On the war in Ukraine, Glazyev stressed that as it stands, China is profiting handsomely, as its economy has not been sanctioned—at least not yet—by US/EU and Beijing is buying Russian oil and gas at heavily discounted prices. The funds Russians are losing in terms of selling energy to the EU will have to be compensated by the proposed Power of Siberia II pipeline that will run from Russia to China, via Mongolia—but that will take a few more years.
Glazyev sketched the possibility of a similar debate on a new currency taking place inside the Shanghai Cooperation Organization (SCO)—yet the obstacles could be even stronger. Once again, that will depend on political will, in this case by Russia-China: a joint decision by Xi and Putin, with crucial input by India—and as Iran becomes a full member, also energy-rich Tehran.
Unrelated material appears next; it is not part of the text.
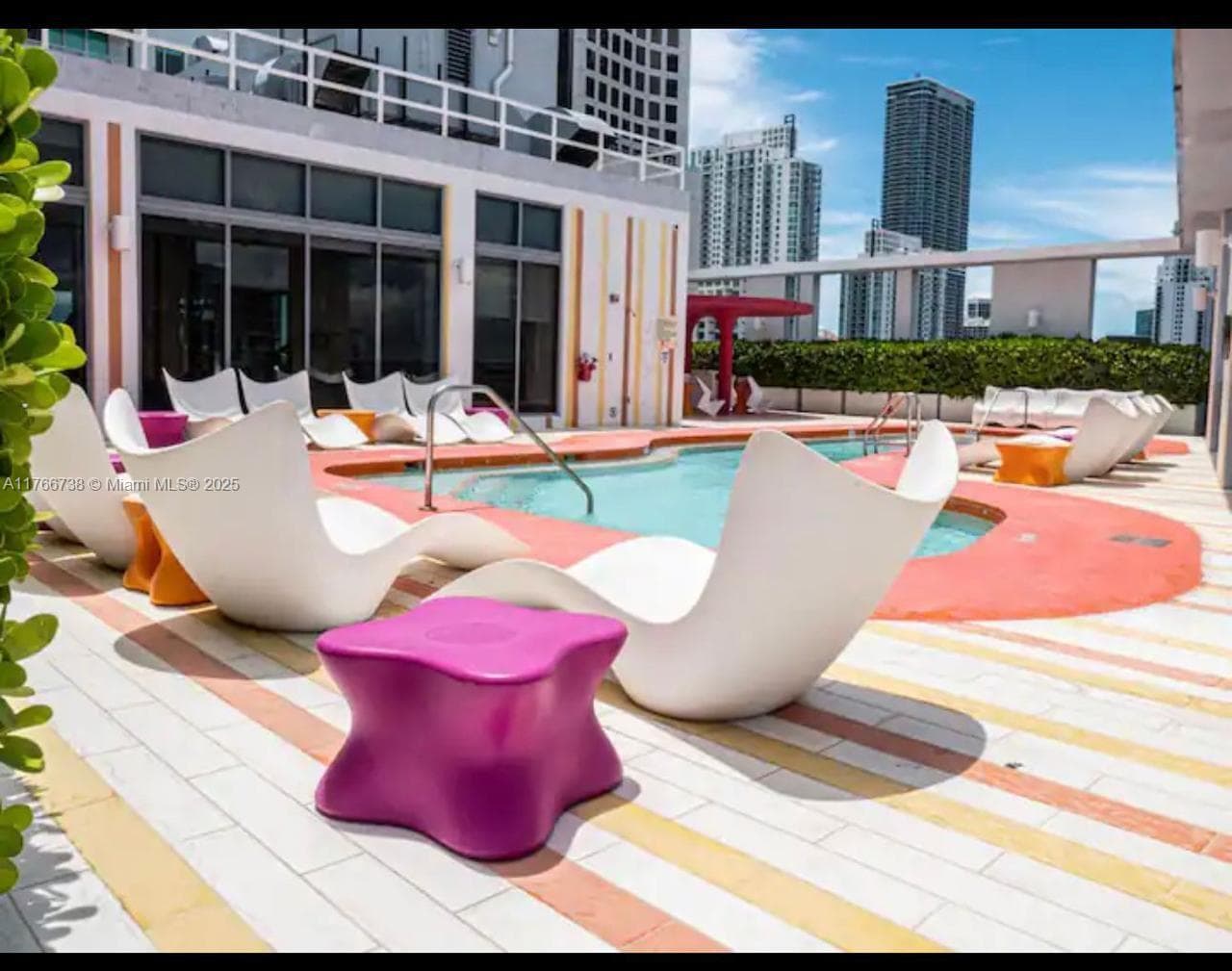 31 SE 6th St # 1601, Miami FL 33131 — 14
What is realistic so far is increasing bilateral trade in their own currencies, as in the Russia-China, Russia-India, Iran-India, Russia-Iran, and China-Iran cases.
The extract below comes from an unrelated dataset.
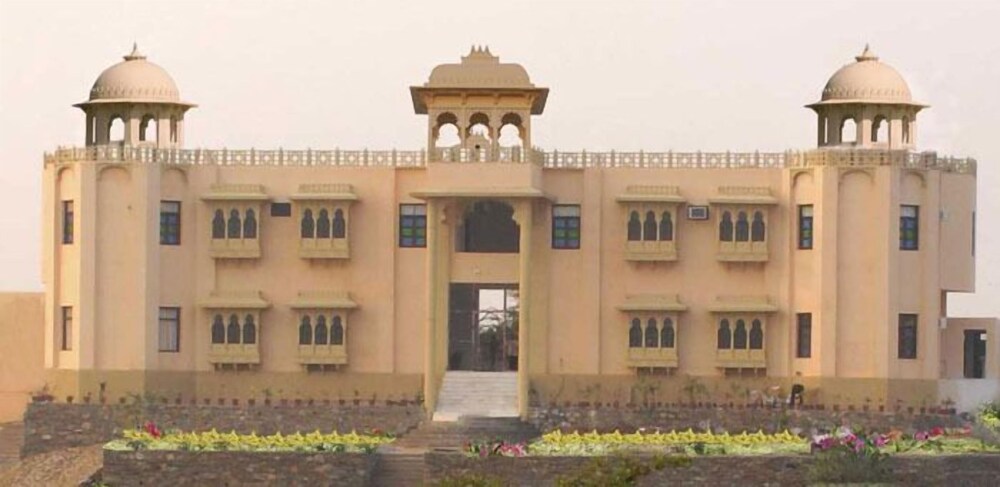 United 21 Royal Resort — Deogarh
Essentially, Glazyev does not see heavily sanctioned Russia taking a leadership role in setting up a new global financial system. That may fall to China’s Global Security Initiative. The division into two blocs seems inevitable: the dollarized zone—with its inbuilt eurozone—in contrast with the Global South majority with a new financial system and new trading currency for international trade. Domestically, individual nations will keep doing business in their own national currencies.
The road to ‘de-offshorization’
Glazyev has always been a fierce critic of the Russian Central Bank, and he did voice his misgivings—echoing his book The Last World War. He never ceases to stress that the American rationale is to damage the Russian economy on every front, while the motives of the Russian Central Bank usually raise “serious questions.”
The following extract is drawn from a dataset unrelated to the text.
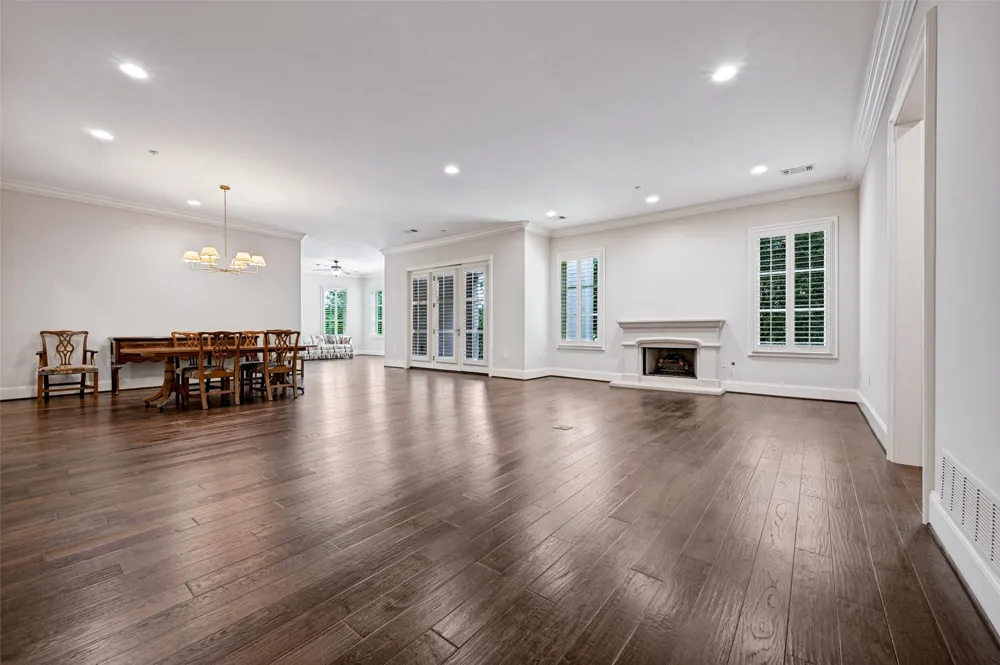 8505 Edgemere Road #202 Dallas, TX 75225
He said that quite a few detailed proposals to reorient the Central Bank have been sent to Putin, but there has been no follow-up. He also evoked the extremely delicate theme of corruption involving key oligarchs who, for inscrutable reasons, have not been sidelined by the Kremlin.
Glazyev had warned for years that it was imperative for Moscow to sell out foreign exchange assets placed in the U.S., Britain, France, Germany, and others which later ended up unleashing sanctions against Russia.
These assets should have been replaced by investments in gold and other precious metals; stocks of highly liquid commodity values; in securities of the EAEU, SCO, and BRICS member states; and in the capital of international organizations with Russian participation, such as the Eurasian Development Bank, the CIS Interstate Bank, and the BRICS Development Bank.
It seems that the Kremlin at least is now fully aware of the importance of expanding infrastructure for supporting Russian exports. That includes creating international exchange trading marketplaces for trade in Russian primary goods within Russian jurisdiction, and in rubles; and creating international sales and service networks for Russian goods with high added value.
For Russia, says Glazyev, the key challenge ahead in monetary policy is to modernize credit. And to prevent negative impact by foreign financial sources, the key is domestic monetization— “including expansion of long and medium-term refinancing of commercial banks against obligations of manufacturing enterprises and authorized government bodies. It is also advisable to consistently replace foreign borrowings of state- controlled banks and corporations with domestic sources of credit.”
So the imperative way to Russia, now in effect, is “de-offshorization.” Which essentially means getting rid of a “super-critical dependence of its reproduction contours on Anglo-Saxon legal and financial institutions,” something that entails “systematic losses of the Russian financial system merely on the difference in profitability between the borrowed and the placed capital.”
What Glazyev repeatedly emphasized is that as long as there’s no reform of the Russian Central Bank, any serious discussion about a new Global South-adopted currency faces insurmountable odds. The Chinese, heavily interlinked with the global financial system, may start having new ideas now that Xi Jinping, on the record, and unprecedentedly, has defined the U.S.-provoked Hybrid War against China for what it is, and has named names: it’s an American operation.
What seems to be crystal clear is that the path toward a new financial system designed essentially by Russia-China, and adopted by vast swathes of the Global South, will remain long, rocky, and extremely challenging. The discussions inside the EAEU and with the Chinese may extrapolate to the SCO and even towards BRICS+. But all will depend on political will and political capital jointly deployed by the Russia-China strategic partnership.
That’s why Xi’s visit to Moscow next week is so crucial. The leadership of both Moscow and Beijing, in sync, now seems to be fully aware of the two-front Hybrid War deployed by Washington.
This means their peer competitor strategic partnership—the ultimate anathema for the U.S.-led Empire—can only prosper if they jointly deploy a complete set of measures: from instances of soft power to deepening trade and commerce in their own currencies, a basket of currencies, and a new reserve currency that is not hostage to the Bretton Woods system legitimizing western finance capitalism.